I'll admit, I've been quiet for a while but you all are never far from my thoughts. (Well, never say never, but you know what I mean.)

For those of you who missed it, Sid can spell!

My official business launch is being planned for this Sunday afternoon. As usual, being the procrastinator that I am, I only really started inviting people this morning. Maybe it's my fear of failure, because if it doesn't work out then I'll have an excuse to fall back on. Maybe it's my fear of success, because if it goes well then I'll *have* to do the next step which is have GNOs. And what if those go well also? Then I'll really be in a bind cause I'll be *forced* to do more GNOs. And heaven forbid someone wants to sign-up to be a consultant. Then I'll have to be responsible *gasp*.

I appreciate the luv from all of you who commented on my other post. I had never even told anyone about it before, except a few people who directly interacted with me.

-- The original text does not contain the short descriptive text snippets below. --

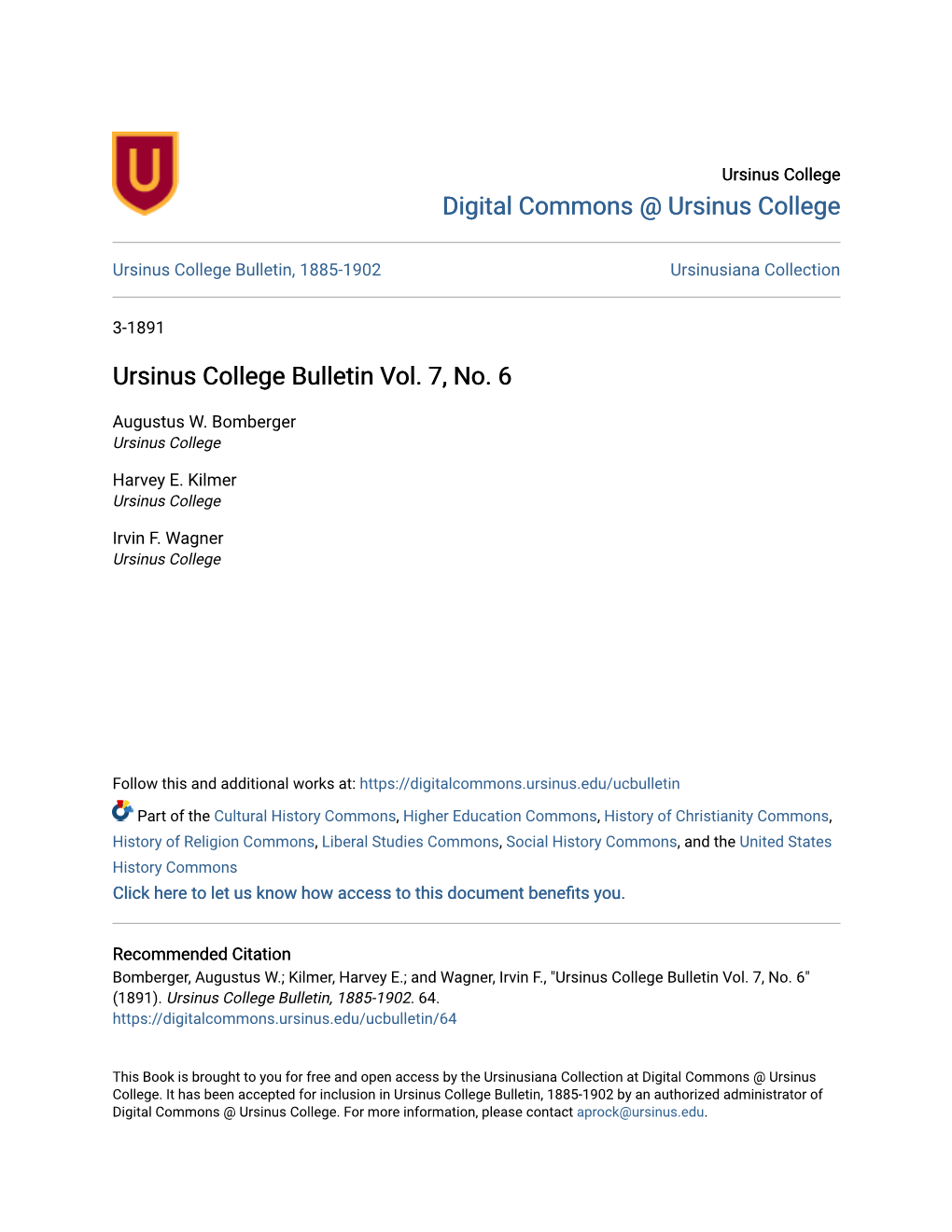 Ursinus College Bulletin Vol. 7, No. 6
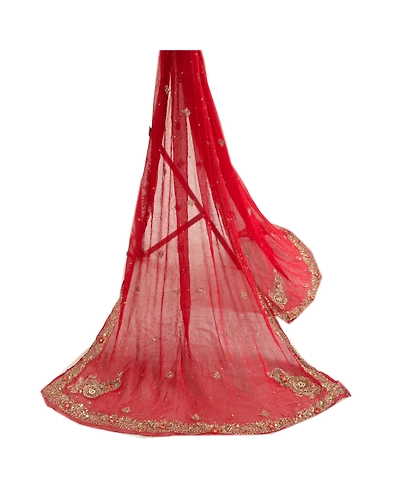 Sanskriti Vintage Red Long Dupatta Stole Pure Chiffon Silk Handmade Mukesh Work DC-46035-Red-Sequins Work-Pure Chiffon Silk-3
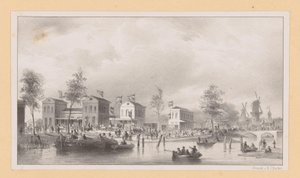 Stationsbygninger ved Rhinbanen i Amsterdam af Pierre Tetar van Elven (possibly)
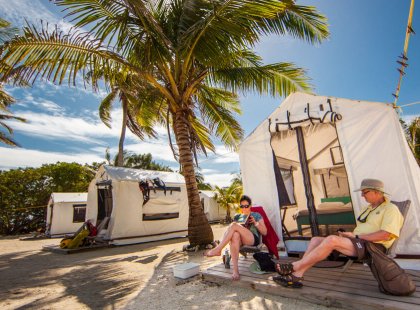 Settle in at our private basecamp on Southwest Caye at Glover’s Reef Marine Reserve.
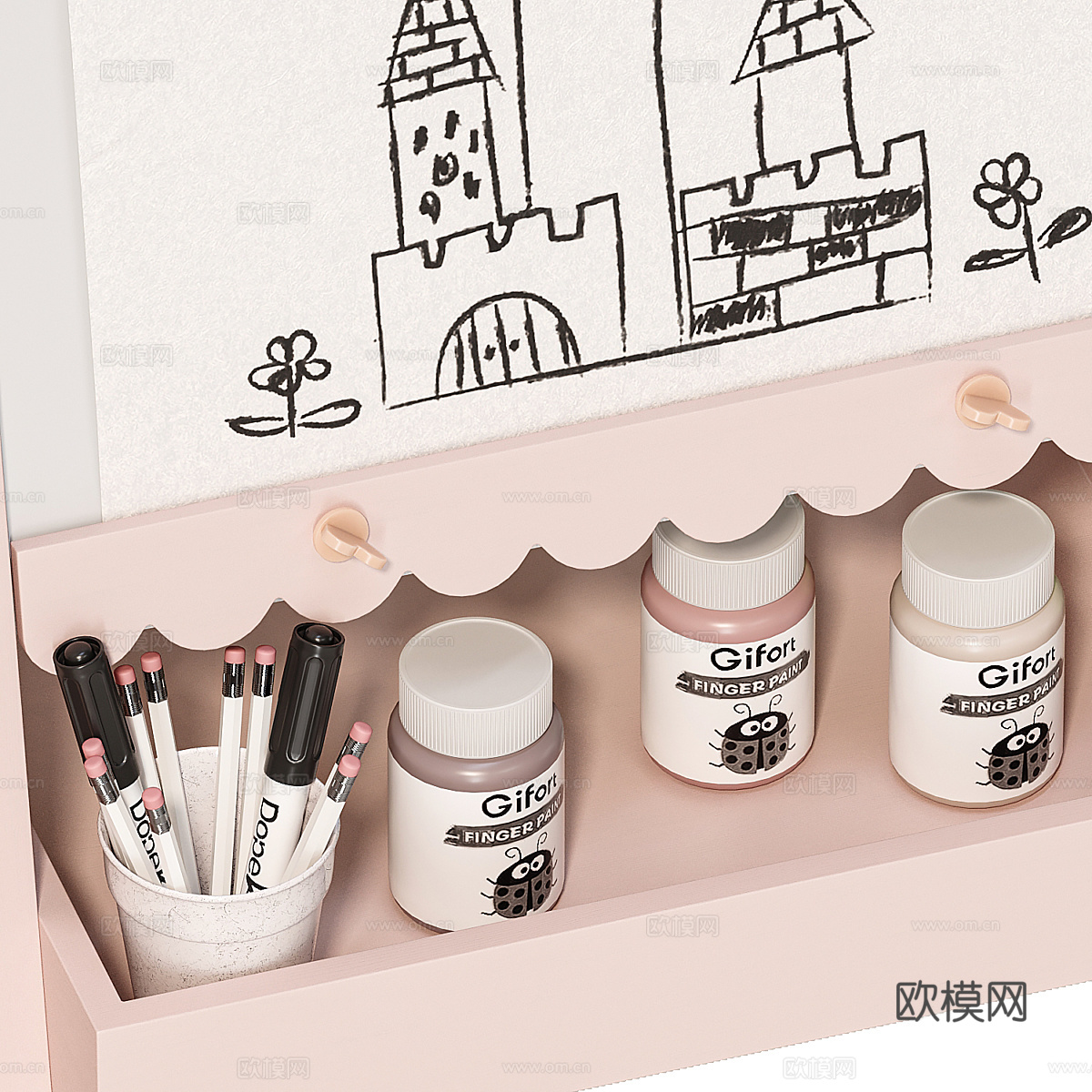 现代奶油风儿童饰品 艺术画架3d模型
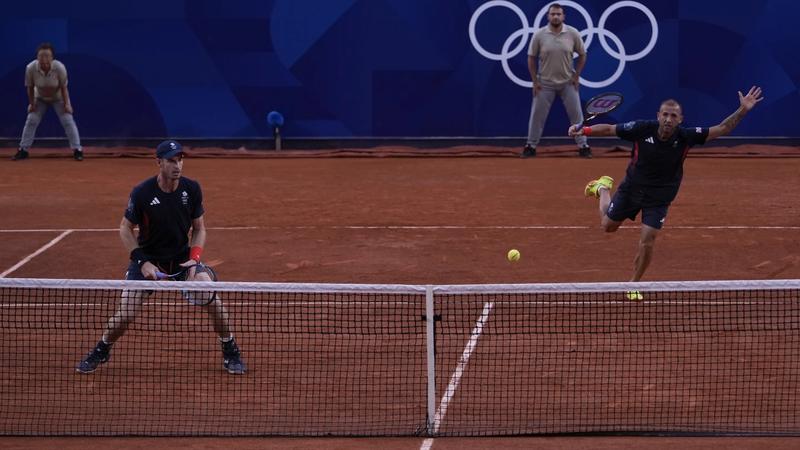 Andy Murray in action at Paris Olympics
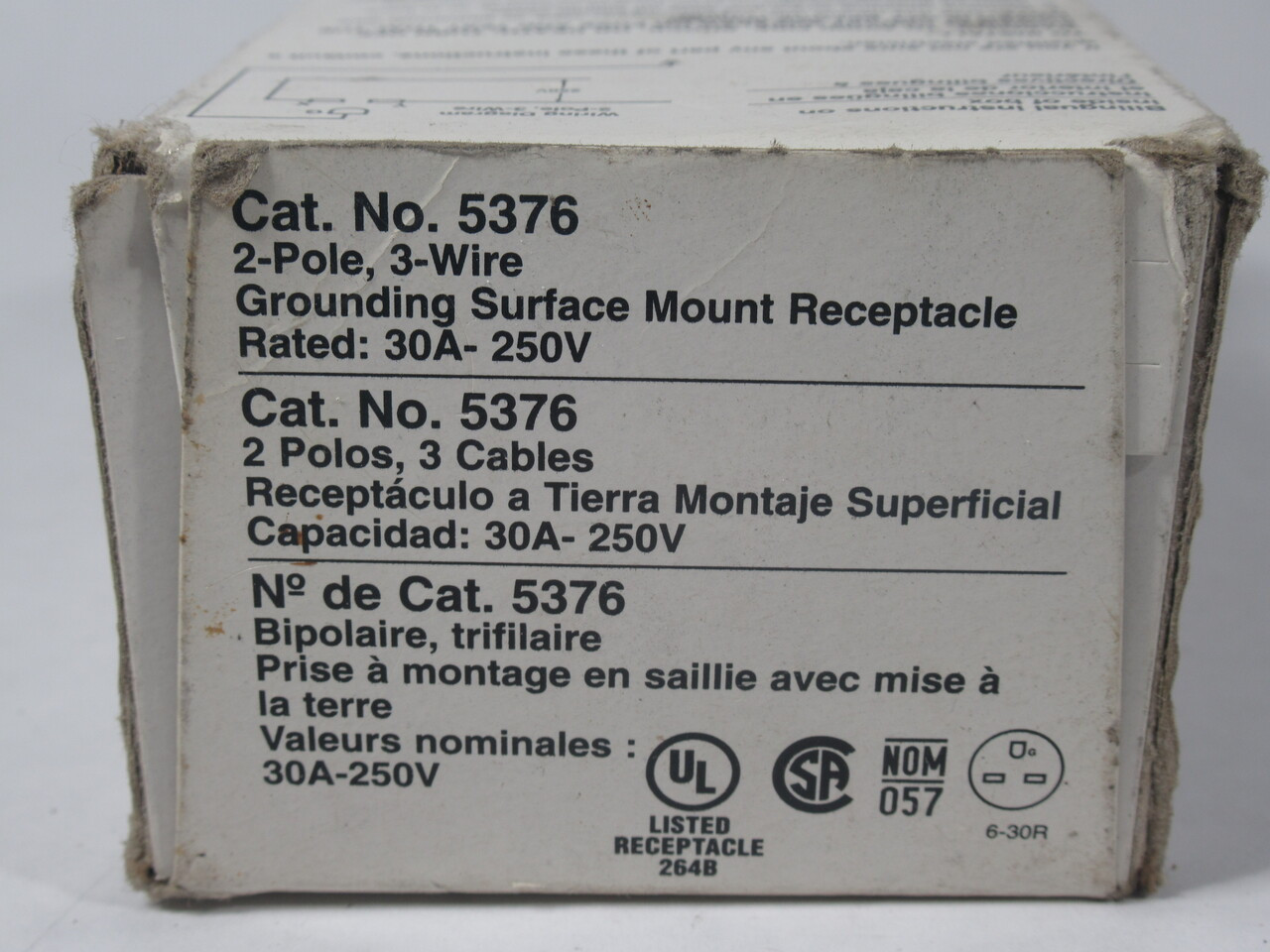 Leviton 5376 Grounding Surface Mount Receptacle 30A 250V 3W 2P BOX DAMAGE NEW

(Btw, the tickle test is free and they give you your results right away. What they do charge you for is an "in-depth analysis.")

2 comments:

Anonymous said...

that is so true. the waiting to the last minute, because of fear. but of course when you do that (postpone doing things in a timely fashion), it becomes a 'self fullfilling prophecy'. because you either never follow through, or if you do, you waited so long that you don't get a good turn out, which we'd blame on 'not being good enough', rather than on the fact that we just didn't give people enough time to plan for it! and the 'fear of success', odd that we'd be afraid i've actually doing well, but it is so true too! you hit it all on the nose shel, i've felt all of this.

Anonymous said...

have a great launch tonight! i know you'll do well!